I slumped back into my chair. “Yeah,” I said, and it was more a sigh than a word. “I’m going over at eight to pick up the evidence.”
“Good.” He nodded, then beckoned me. “Look, I found something.” He pointed at two of the photos.
I looked really hard but all I saw was a neat child’s room, not a toy or piece of clothing out of place, with just an unmade bed to say someone had slept in it. “Sorry, I got nothing.”
“That’s just it. Everybody but me woulda got nothing.” His expression was pleased, as if he was proud of himself but blowing it out of proportion. I looked up at him, frowning and he pointed out two images. “These two. The ones of the window. There’s a sigil on the sill but you won’t see it. I used my dark sight to check if we missed anything. And there it was.”
Gargoyles have a form of magical sight that can detect wards and spells. I possessed something similar but Drake’s ability was often more accurate than mine. He’d encouraged me to train the skill but given that I barely had time to wash my hair or go shopping for new clothes, I ended up putting it on my to-do list.
Right at the bottom.
“The sigil again?” I asked, my heart racing. “The same as the last one?” He nodded. “Fuck. This is not what I need to hear.”

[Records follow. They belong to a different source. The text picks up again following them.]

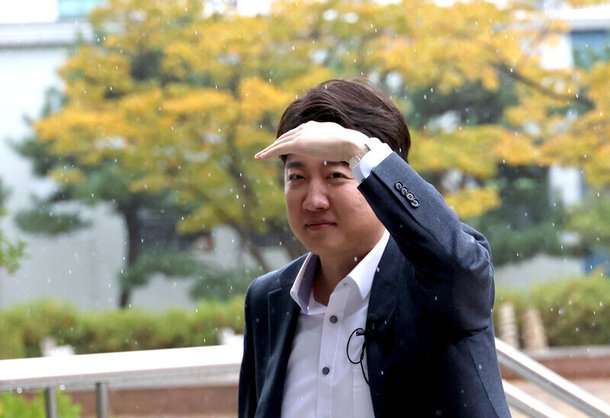 이준석 전 국민의힘 대표가 지난 4일 오후 부산 경성대학교에서 토크콘서트를 하려고 행사장으로 향하고 있다. 연합뉴스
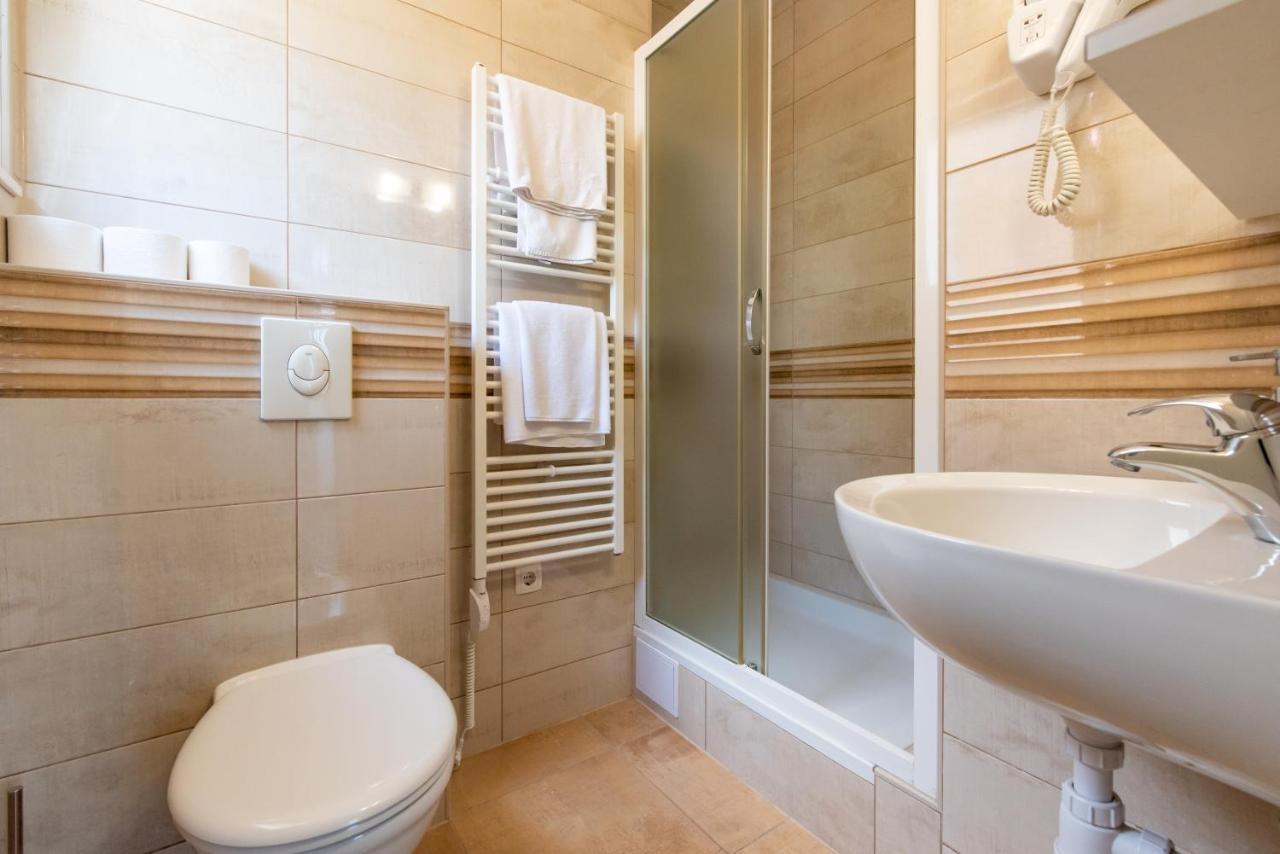Apartments Amigos Подстрана Екстер'єр фото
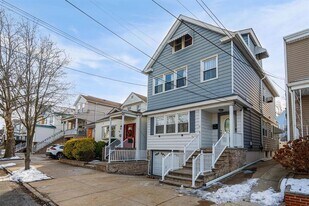 102 W 43rd St in Bayonne, NJ - Building Photo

The last time we’d seen a sigil at a scene was a few we
eks ago, on a case involving a young missing boy. We’d never found him.
“So, the perp belongs to the same clan that took your last victim. That’s about all we know, Mel.” Drake was trying to get me to calm down and he was right. It was just a sigil. A demon’s mark. It didn’t mean anything more than the abductions could be pointed at a particular demon clan. Or that the demon could be trying to fuck with us, send us on a tangent.
“Right, so if we assume they are collecting, then we need to figure out why. In the meantime, you need to get some rest.”
“How much sleep can a girl get with abductions on her mind?”
“Stop making excuses and go get some sleep. You have a few hours before eight so go crash. I’ll stop ‘em if they try to get in.”
“I’m sure you will. Just don’t destroy the house while you’re at it.” I waved at him as I climbed the stairs. Fulbright and his team had barged in on us unannounced once already.
Once had been enough and had put us all on high alert.
Chapter 6
Mel
I’d learned long ago the art of falling asleep when I needed to. Sometimes a nap here and a snooze there was all I got while on a case, and if I hadn’t trained myself to get those much-needed z’s I’d be a walking zombie and of no use to anyone, least of all the people I was searching for.
My alarm buzzed at seven and I hopped out of bed, heading for the shower. The blast of hot water on my skin did little to soothe me. It was always like this before a search. Ten minutes later I’d donned jeans and a red peasant top and was at the kitchen table again, staring at the Cross file.
“You going to check for the kid before you go to the Murdochs’?” Drake’s voice sounded behind me. He knew me well.